Redistribution and use in source and binary forms, with or without modification, are permitted provided that the following conditions are met: * Redistributions of source code must retain the above copyright notice, this list of conditions and the following disclaimer. * Redistributions in binary form must reproduce the above copyright notice, this list of conditions and the following disclaimer in the documentation and/or other materials provided with the distribution. * Neither the name of the Johns Hopkins nor the names of the developers may be used to endorse or promote products derived from this software without specific prior written permission.

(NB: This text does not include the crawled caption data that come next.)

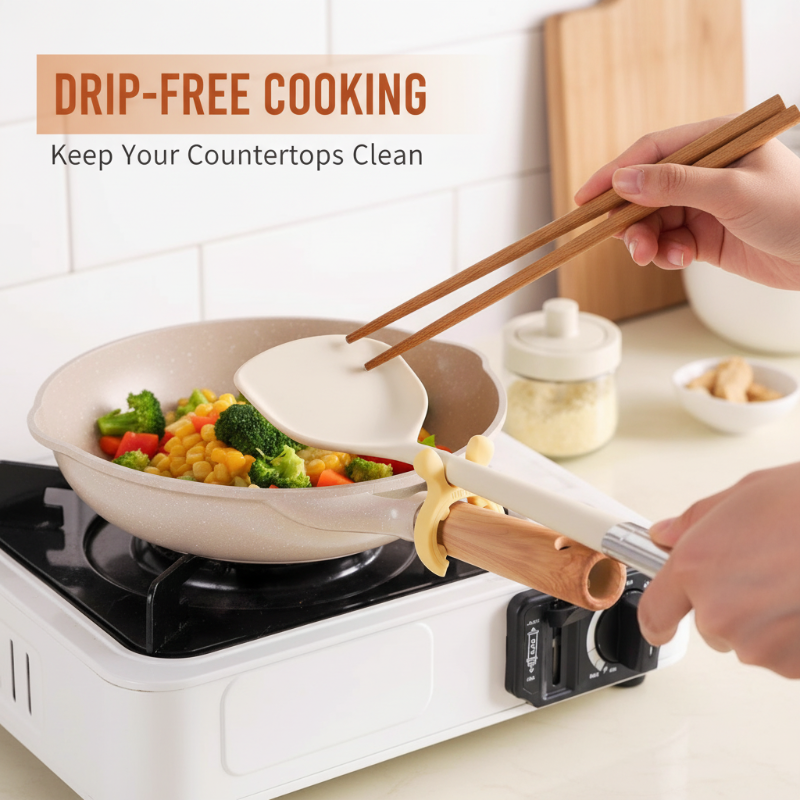 Support multi-fonctions en silicone pour poignées de casseroles et spatules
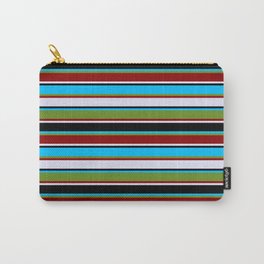 [ Thumbnail: Eyecatching Deep Sky Blue, Green, Dark Red, Lavender, and Black Colored Lines/Stripes Pattern Carry-All Pouch ]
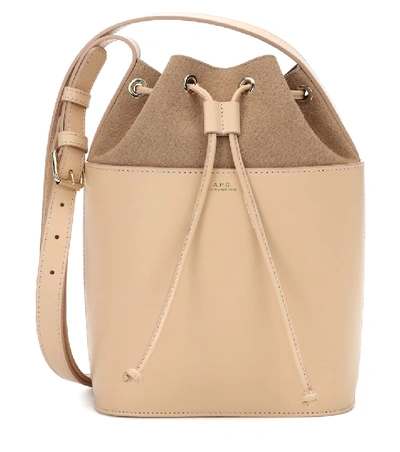 A.p.c. Claire Leather And Suede Bucket Bag In Beige Natural ModeSens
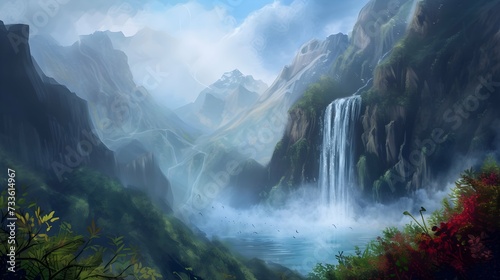 Illustration of scenic waterfall with mountains in the backdrop.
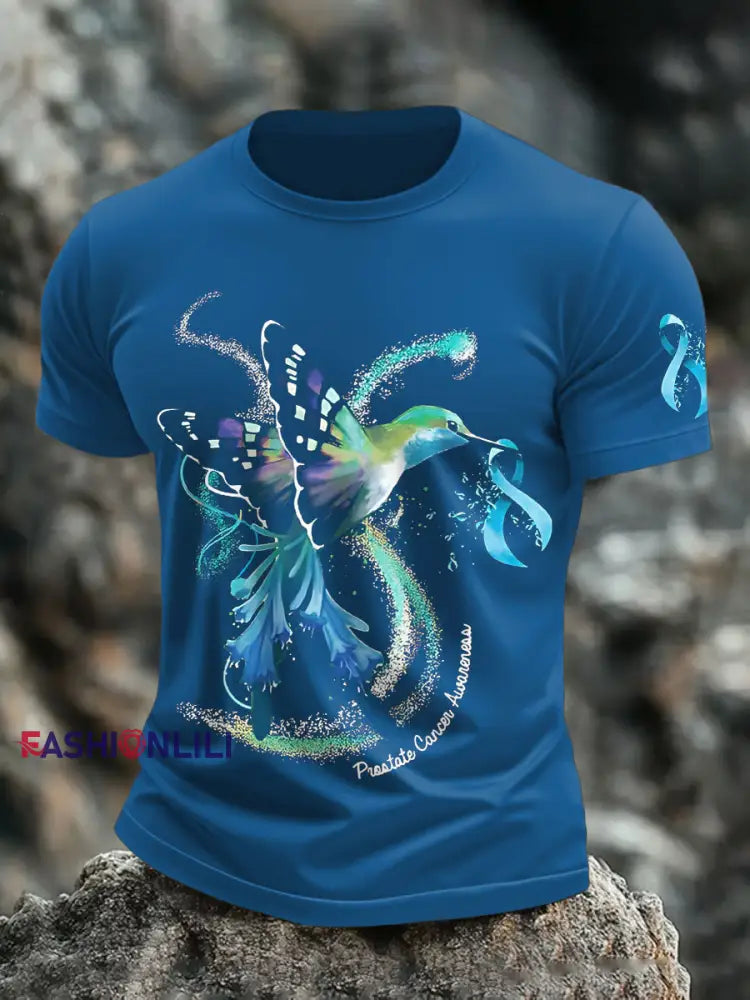 Men’s Ribbon Prostate Cancer Hummingbird T Shirts Blue / S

THIS SOFTWARE IS PROVIDED BY THE COPYRIGHT HOLDERS AND CONTRIBUTORS "AS IS" AND ANY EXPRESS OR IMPLIED WARRANTIES, INCLUDING, BUT NOT LIMITED TO, THE IMPLIED WARRANTIES OF MERCHANTABILITY AND FITNESS FOR A PARTICULAR PURPOSE ARE DISCLAIMED. IN NO EVENT SHALL THE DEVELOPERS BE LIABLE FOR ANY DIRECT, INDIRECT, INCIDENTAL, SPECIAL, EXEMPLARY, OR CONSEQUENTIAL DAMAGES (INCLUDING, BUT NOT LIMITED TO, PROCUREMENT OF SUBSTITUTE GOODS OR SERVICES; LOSS OF USE, DATA, OR PROFITS; OR BUSINESS INTERRUPTION) HOWEVER CAUSED AND ON ANY THEORY OF LIABILITY, WHETHER IN CONTRACT, STRICT LIABILITY, OR TORT (INCLUDING NEGLIGENCE OR OTHERWISE) ARISING IN ANY WAY OUT OF THE USE OF THIS SOFTWARE, EVEN IF ADVISED OF THE POSSIBILITY OF SUCH DAMAGE.